Il publie un livre bilan en 2013 intitulé sobrement La Psychanalyse (Éditions Thierry Marchaisse, 419 p., 29 euros 50). Il se lance et relance, comme il arrive parfois, lors d’un débat, le fond de l’affaire. La rumeur propage l’idée d’un Freud par trop autoritaire ? Ce n’est pas faux : « Il est resté captif du mirage de la fonction paternante. » On entend dire que le mouvement psychanalytique serait au gré du temps devenu une Église ? « Pour la première fois dans l’histoire des sciences, une discipline qui se voulait scientifique s’est organisée institutionnellement comme une Église. » Comme extrême-onction on a fait mieux. Safouan n’était pas habité par le fantasme sacerdotal. Mais sa conviction n’en était pas moins ferme : « La psychanalyse n’a plus besoin d’être reconnue ; seulement de dire clairement ce qu’elle apporte et peut apporter. » C’est clair. Et cela est dit clairement. Dès lors, celui que l’on n’oserait pas appeler un aîné, comme cela est devenu la mode avec la pandémie, ausculta notre époque à la loupe, fustigea son psychologisme, se pencha sur les nouvelles filiations, les métamorphoses de l’éros, tout en se passionnant pour la physique quantique. Dès lors, il explose. Tout en gardant son calme. Il livre au lecteur son testament. Il ne conclut pas. Il ouvre les vannes. Mais il nous met en garde. Il ne cherche pas à rassurer. « Le bonheur, disait-il, en 2015, manquera toujours à l’homme parce que l’homme sera toujours en mal d’identité. » La fin de la civilisation oedipienne, ajoutait-il, « risque de donner lieu soit au retour du religieux, soit à l’émiettement de la vie sociale en des bandes ou sectes soumises à l’influence des chefs. »

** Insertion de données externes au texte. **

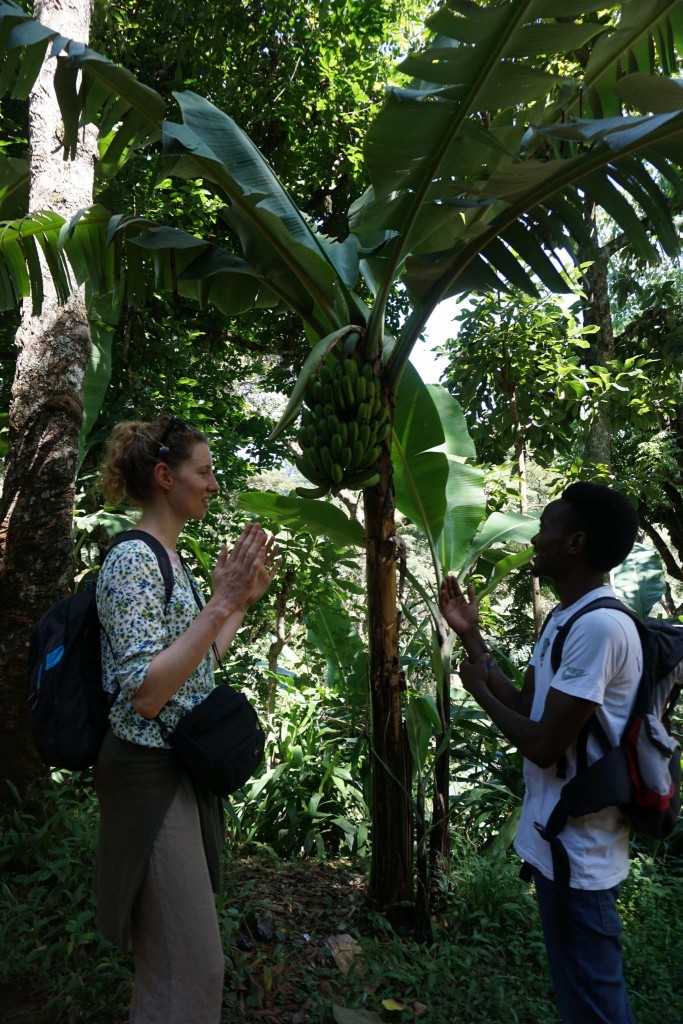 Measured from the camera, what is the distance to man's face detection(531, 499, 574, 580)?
7.27 feet

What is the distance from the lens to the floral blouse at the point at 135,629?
1.94 m

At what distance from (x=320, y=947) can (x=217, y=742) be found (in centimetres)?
189

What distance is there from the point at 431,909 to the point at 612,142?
10.5 feet

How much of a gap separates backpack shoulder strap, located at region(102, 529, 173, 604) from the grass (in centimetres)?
162

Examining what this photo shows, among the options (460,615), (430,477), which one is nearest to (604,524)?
(460,615)

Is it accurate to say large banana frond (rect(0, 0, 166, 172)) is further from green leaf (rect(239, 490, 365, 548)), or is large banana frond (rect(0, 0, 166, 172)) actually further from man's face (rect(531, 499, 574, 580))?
man's face (rect(531, 499, 574, 580))

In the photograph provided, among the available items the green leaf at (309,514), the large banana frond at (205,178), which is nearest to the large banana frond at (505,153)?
the large banana frond at (205,178)

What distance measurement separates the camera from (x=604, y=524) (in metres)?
2.17

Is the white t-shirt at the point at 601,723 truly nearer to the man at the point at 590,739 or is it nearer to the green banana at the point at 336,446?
the man at the point at 590,739

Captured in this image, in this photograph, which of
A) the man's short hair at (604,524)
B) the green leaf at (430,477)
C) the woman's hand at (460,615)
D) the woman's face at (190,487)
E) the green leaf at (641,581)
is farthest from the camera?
the green leaf at (641,581)

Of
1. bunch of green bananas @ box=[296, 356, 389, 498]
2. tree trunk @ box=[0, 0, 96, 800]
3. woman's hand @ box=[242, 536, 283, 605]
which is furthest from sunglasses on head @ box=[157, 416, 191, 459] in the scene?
tree trunk @ box=[0, 0, 96, 800]

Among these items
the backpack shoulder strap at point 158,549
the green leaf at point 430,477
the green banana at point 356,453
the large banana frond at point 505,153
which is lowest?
the backpack shoulder strap at point 158,549

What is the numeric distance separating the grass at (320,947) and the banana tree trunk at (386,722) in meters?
0.20

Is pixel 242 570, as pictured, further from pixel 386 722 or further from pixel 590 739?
pixel 386 722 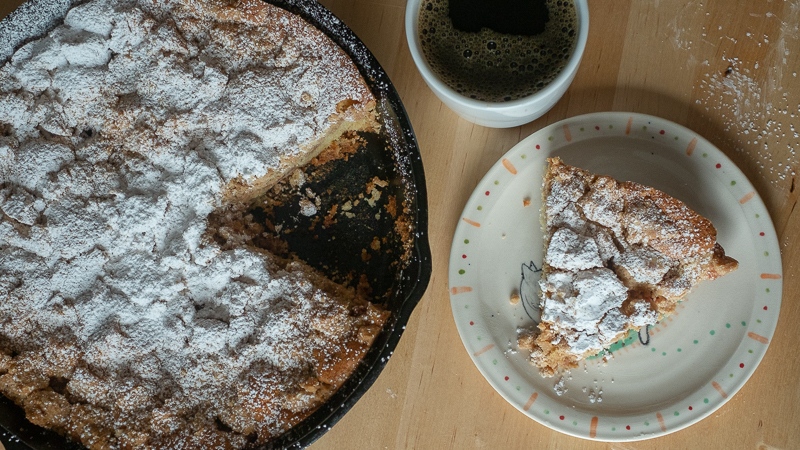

Au-delà de la psychanalyse

Comment expliquer un tel parcours ? Comment un tel homme qui aurait pu se perdre – en tout cas être oublié -, pour avoir commis des écrits destinés à ses collègues, se perdre dans une scolastique pour initiés, un enseignement clinique réservé aux praticiens, comment s’est-il réveillé de son sommeil dogmatique, a-t-il cessé d’écrire comme Hegel, pour devenir un auteur limpide, et commettre des livres qui resteront ? Réponse : en s’absentant du monde. En se refusant à le fracturer entre minorités opprimées et majorités arrogantes ; entre la fierté LGBTIQ et la triste norme hétérosexuelle ; entre croyants et incroyants ; en insistant, au-delà de ces fractures, qui sont réelles, sur le point aveugle qu’elles recèlent. En se focalisant sur le désir du sujet. « Dans un monde où les individus se réduisent aux consommateurs, sans autres moyens que leurs poches, ni de guides que leurs goûts, sexuels ou autres, sa Majesté le Bébé lui-même devient de plus en plus un produit, voire une marchandise », s’inquiétait-il.

On peut ne pas partager cette inquiétude. Et voir en lui, comme sa jeune collègue Silvia Lippi, qui admire pourtant son livre sur le monde arabe, « un réactionnaire », un « Père-maître », dont beaucoup d’analystes, selon elle, « n’arrivent pas à renoncer ». Mais cette querelle interne ne doit pas nous subjuguer. Le père – ne faudrait-il pas écrire « du père » –, à la fin des fins, il ne reste rien. Il est fait pour s’évanouir. C’est sa fonction. Et il n’est pas besoin d’être « un mâle », pour la faire vivre. S’agissant de la croyance de chacune et de chacun, il ne faut pas s’en tenir à ce que chacune et chacun, dit de son désir. Ce serait trop simple. « Il ne s’agit plus d’être femme ou de le devenir ; il s’agit de savoir comment un sujet, quel que soit son sexe, en vient à avoir un désir masculin ou féminin. » Cette précision de Safouan vaut pour tout discours. La croyance du sujet en ce qu’il dit, « excède les significations qui s’y articulent ». C’est même ce qui permet de s’adresser à autrui et de ne pas se croire détenteur d’une vérité absolue. De ne pas confondre la fonction de la parole « indubitablement vraie ou menteuse », avec ce qui se joue dans nos échanges langagiers. Il n’est donc pas étonnant que Moustapha Safouan ait cherché ailleurs que dans la cure, ailleurs que dans la psychanalyse, de quoi conforter cette conviction.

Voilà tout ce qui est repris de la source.